Author(s): T. R. GARFIELD (2), N. F. HURLEY (3), and D. A. BUDD (4)

Abstract:

Little Sand Draw field produces hydrocarbons from an asymmetric anticline located on the southwestern margin of the Big Horn basin. This 479-ac, 32-well field has produced 10.4 million bbl of oil. Most production is from the Ervay Member of the Permian Phosphoria Formation. On the basis of gamma-ray logs and textural evidence, the dolomitized, 90-100 ft (27.5-30.5 m) thick Ervay Member can be subdivided into six reservoir zones. Zones are bounded by marine-flooding surfaces, and each zone is laterally consistent throughout the field. Lower Ervay zones, which were deposited under low-energy open-marine conditions, are predominantly mud-supported rocks. Higher energy, yet more restricted marine conditions occurred during deposition of the upper Ervay and resulted in a domin nce of grain-supported rocks.

Moldic and micro-intercrystalline porosity occurs in four zones. Moldic pores dominate total porosity and have significant hydrocarbon storage capacity. Intercrystalline pores control matrix permeability, which is generally less than 20 md. Such permeabilities cannot account for observed production rates of several hundreds to thousands of barrels of fluid per day. Open fractures are present in all zones and contribute significantly to reservoir drainage. Fracture intensity is controlled by lithology and structural position. Silicified strata are the most highly fractured. Structurally, wells with the greatest fracture intensity are aligned along the northwest-trending hingeline of the fold. However, in much of the reservoir, flow behavior is dominated by east-northeast-trending fract res which are recognized on borehole-imaging logs and as directional permeabilities from pressure-interference tests.

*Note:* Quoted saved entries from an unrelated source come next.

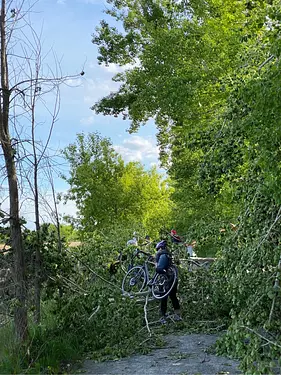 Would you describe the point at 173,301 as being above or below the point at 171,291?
below

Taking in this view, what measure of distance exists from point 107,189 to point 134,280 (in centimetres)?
1136

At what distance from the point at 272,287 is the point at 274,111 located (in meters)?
1.49

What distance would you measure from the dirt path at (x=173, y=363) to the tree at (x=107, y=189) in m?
11.8

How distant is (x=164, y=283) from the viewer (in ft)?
20.5

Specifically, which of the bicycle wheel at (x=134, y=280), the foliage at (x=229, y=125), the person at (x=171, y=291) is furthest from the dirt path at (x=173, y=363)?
the bicycle wheel at (x=134, y=280)

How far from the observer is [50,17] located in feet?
18.5

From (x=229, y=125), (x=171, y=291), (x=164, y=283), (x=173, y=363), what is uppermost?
(x=229, y=125)

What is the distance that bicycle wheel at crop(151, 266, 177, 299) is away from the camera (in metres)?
6.20

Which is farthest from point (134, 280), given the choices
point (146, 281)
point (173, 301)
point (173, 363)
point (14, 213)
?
point (14, 213)

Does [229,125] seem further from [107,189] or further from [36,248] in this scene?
[107,189]

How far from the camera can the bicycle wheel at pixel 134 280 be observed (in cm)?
704

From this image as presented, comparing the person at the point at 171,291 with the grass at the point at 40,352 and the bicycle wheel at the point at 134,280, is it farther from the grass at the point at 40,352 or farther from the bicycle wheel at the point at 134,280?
the grass at the point at 40,352

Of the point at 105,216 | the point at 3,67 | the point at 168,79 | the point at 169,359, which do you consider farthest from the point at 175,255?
the point at 105,216

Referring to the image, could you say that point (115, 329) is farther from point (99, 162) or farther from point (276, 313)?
point (99, 162) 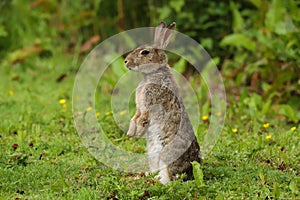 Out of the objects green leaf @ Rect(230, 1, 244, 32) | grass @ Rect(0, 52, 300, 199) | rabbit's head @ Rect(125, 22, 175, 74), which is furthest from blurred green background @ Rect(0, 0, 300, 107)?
rabbit's head @ Rect(125, 22, 175, 74)

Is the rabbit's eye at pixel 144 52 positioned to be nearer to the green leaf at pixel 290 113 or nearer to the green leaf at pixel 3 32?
the green leaf at pixel 290 113

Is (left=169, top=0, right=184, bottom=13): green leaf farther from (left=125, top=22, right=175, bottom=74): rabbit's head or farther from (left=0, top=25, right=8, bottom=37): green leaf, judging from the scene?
(left=125, top=22, right=175, bottom=74): rabbit's head

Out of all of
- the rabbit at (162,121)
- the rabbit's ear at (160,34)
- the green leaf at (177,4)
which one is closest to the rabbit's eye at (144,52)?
the rabbit at (162,121)

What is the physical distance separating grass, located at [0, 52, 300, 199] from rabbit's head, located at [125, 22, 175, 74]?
34.5 inches

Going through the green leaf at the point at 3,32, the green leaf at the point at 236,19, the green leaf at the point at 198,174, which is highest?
the green leaf at the point at 3,32

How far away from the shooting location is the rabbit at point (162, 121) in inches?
181

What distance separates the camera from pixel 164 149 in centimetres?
459

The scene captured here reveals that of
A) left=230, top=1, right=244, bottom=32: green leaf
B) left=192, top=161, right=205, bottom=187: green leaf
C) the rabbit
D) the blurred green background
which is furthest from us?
left=230, top=1, right=244, bottom=32: green leaf

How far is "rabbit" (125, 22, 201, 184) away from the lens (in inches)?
181

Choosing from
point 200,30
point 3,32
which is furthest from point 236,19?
point 3,32

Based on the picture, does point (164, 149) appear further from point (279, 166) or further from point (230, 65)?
point (230, 65)

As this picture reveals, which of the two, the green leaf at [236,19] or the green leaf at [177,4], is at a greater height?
the green leaf at [177,4]

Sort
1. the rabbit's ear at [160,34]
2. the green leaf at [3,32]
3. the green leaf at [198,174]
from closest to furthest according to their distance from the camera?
1. the green leaf at [198,174]
2. the rabbit's ear at [160,34]
3. the green leaf at [3,32]

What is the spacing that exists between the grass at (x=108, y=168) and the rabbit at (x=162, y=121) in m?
0.15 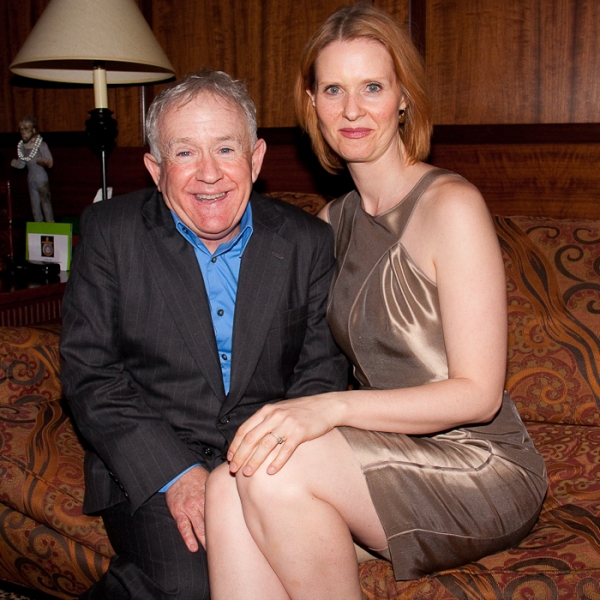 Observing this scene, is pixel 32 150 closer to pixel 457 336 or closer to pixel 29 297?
pixel 29 297

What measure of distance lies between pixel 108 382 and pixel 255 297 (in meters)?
0.38

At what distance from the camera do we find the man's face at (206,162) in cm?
164

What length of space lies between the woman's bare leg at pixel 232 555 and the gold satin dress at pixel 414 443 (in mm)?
239

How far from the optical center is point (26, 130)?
3.07 meters

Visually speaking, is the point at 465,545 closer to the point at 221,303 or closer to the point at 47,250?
the point at 221,303

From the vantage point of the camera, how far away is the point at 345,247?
6.04 feet

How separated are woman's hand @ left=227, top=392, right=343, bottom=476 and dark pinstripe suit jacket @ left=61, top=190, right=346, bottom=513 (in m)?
0.31

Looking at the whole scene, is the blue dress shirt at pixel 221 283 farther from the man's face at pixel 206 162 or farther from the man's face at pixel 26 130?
the man's face at pixel 26 130

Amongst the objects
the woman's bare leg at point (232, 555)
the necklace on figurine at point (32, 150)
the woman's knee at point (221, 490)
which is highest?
the necklace on figurine at point (32, 150)

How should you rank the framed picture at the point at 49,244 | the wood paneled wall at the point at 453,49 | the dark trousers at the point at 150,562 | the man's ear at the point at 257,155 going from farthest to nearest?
the framed picture at the point at 49,244 < the wood paneled wall at the point at 453,49 < the man's ear at the point at 257,155 < the dark trousers at the point at 150,562

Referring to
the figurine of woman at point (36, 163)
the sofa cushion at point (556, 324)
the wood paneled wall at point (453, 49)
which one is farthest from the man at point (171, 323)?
the figurine of woman at point (36, 163)

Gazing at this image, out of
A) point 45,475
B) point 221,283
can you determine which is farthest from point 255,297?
point 45,475

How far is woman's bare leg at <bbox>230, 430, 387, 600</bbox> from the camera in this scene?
1.31 m

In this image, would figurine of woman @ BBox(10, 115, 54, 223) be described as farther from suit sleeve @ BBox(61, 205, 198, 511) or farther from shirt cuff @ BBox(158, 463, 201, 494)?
shirt cuff @ BBox(158, 463, 201, 494) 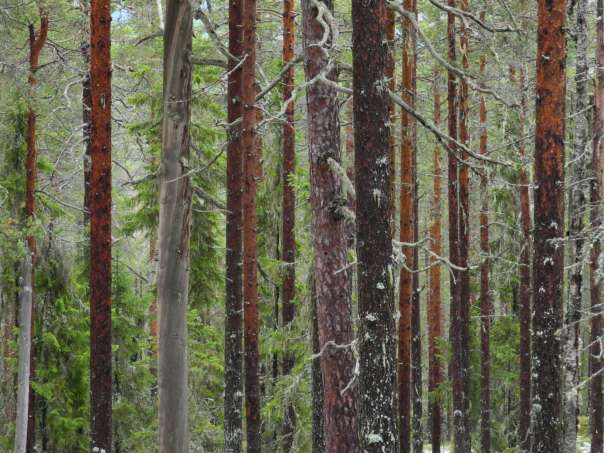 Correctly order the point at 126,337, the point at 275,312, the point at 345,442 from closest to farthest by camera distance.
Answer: the point at 345,442 < the point at 126,337 < the point at 275,312

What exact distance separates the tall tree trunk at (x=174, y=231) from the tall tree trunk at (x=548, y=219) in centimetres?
545

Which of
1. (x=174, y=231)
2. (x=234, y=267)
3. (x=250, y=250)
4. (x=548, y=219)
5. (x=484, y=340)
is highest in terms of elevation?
(x=548, y=219)

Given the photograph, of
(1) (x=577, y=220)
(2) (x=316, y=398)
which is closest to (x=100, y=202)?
(2) (x=316, y=398)

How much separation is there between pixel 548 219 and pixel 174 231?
5677 millimetres

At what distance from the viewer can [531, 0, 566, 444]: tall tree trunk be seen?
9805mm

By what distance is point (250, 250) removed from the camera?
46.6 ft

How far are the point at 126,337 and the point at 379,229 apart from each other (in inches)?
449

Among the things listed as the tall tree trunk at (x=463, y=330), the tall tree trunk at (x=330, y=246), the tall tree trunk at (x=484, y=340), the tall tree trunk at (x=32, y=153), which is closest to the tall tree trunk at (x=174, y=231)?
the tall tree trunk at (x=330, y=246)

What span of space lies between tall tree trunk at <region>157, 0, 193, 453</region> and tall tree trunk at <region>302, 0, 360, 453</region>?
1.51 m

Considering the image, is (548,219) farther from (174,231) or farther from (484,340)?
(484,340)

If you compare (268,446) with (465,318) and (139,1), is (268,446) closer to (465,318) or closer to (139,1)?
(465,318)

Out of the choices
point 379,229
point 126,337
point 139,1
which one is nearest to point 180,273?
point 379,229

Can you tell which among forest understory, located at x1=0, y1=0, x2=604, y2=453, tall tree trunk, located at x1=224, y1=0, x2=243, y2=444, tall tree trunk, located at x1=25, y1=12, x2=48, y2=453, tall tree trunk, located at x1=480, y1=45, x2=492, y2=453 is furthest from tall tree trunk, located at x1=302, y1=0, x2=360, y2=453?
tall tree trunk, located at x1=480, y1=45, x2=492, y2=453

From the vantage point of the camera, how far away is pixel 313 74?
777cm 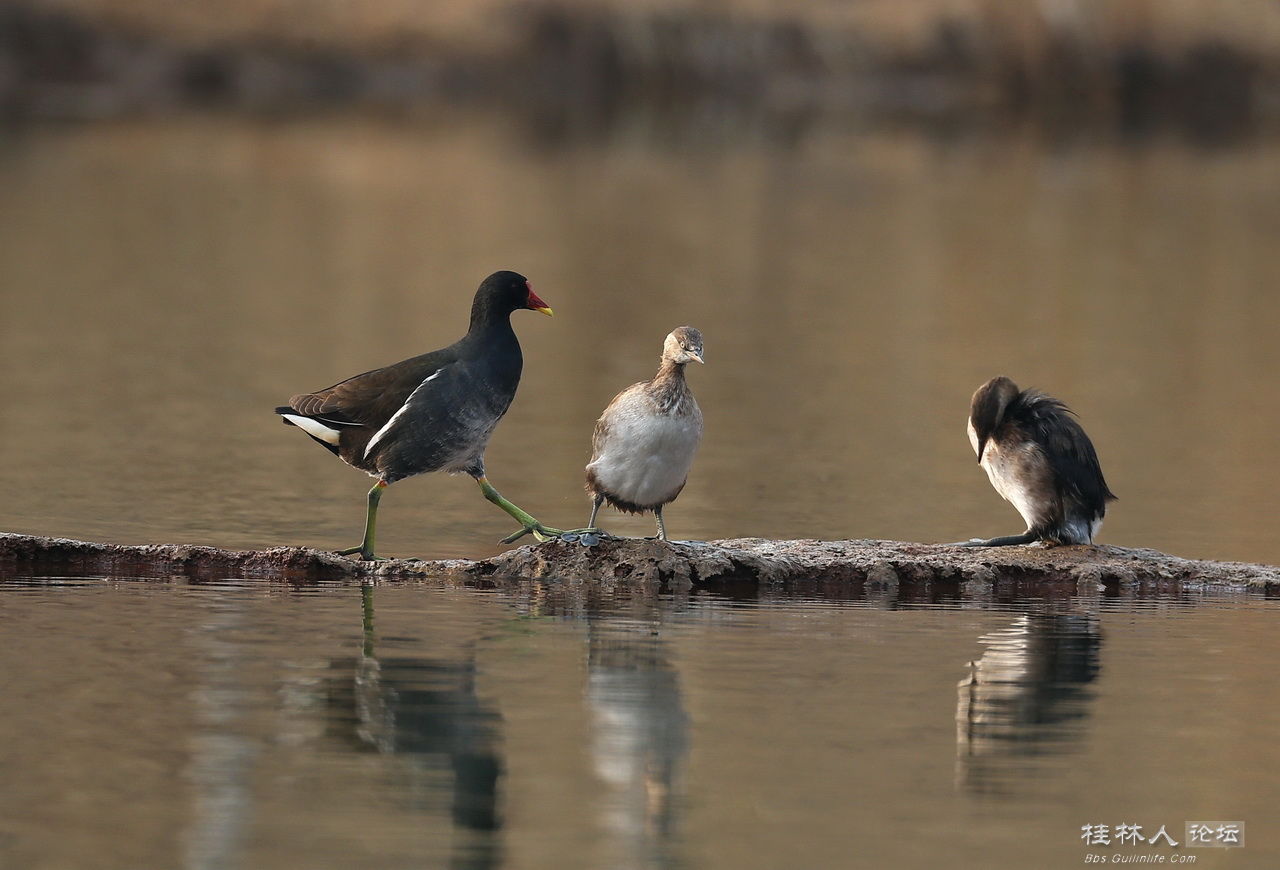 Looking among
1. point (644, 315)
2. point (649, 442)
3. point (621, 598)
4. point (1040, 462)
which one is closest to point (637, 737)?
point (621, 598)

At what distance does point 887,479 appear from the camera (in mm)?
15719

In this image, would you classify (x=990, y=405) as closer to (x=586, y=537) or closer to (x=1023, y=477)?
(x=1023, y=477)

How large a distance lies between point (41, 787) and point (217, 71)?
59.7 meters

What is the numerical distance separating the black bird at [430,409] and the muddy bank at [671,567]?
36 centimetres

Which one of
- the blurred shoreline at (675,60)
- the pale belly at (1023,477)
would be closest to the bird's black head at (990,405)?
the pale belly at (1023,477)

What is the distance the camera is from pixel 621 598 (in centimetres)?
1046

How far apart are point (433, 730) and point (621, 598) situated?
99.9 inches

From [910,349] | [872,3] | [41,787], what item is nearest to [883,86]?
[872,3]

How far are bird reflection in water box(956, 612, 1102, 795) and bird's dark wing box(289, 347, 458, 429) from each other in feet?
10.3

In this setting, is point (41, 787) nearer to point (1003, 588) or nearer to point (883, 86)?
point (1003, 588)

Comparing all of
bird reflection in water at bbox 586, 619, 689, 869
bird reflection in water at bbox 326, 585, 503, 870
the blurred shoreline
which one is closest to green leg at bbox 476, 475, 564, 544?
bird reflection in water at bbox 586, 619, 689, 869

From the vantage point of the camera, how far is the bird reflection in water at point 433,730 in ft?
23.2

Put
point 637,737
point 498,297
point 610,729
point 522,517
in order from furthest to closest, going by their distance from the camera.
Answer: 1. point 498,297
2. point 522,517
3. point 610,729
4. point 637,737

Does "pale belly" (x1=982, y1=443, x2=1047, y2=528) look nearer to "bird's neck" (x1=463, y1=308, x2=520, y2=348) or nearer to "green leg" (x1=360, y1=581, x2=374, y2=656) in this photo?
"bird's neck" (x1=463, y1=308, x2=520, y2=348) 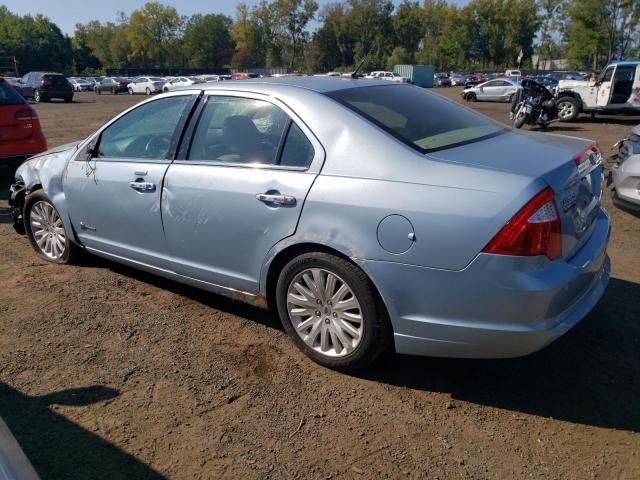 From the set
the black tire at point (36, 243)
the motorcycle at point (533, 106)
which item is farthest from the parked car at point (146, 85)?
the black tire at point (36, 243)

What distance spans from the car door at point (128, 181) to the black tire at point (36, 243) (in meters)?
0.31

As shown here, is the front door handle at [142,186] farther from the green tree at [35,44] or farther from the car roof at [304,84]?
the green tree at [35,44]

Most, but not all, wells are at or near virgin reservoir pressure. This, along with high water-production rates, suggests strong aquifer support for reservoir pressure. A comparison of pressure and water-cut data shows that those wells with depleted reservoir pressure also had water cuts that rose relatively slowly. Geographically, these wells define dual-porosity "compartments" in which matrix porosities and permeabilities, as well as fractures, affect flow. Elsewhere in the field, fractures are the dominant control on flow in what appears to be single-porosity behavior.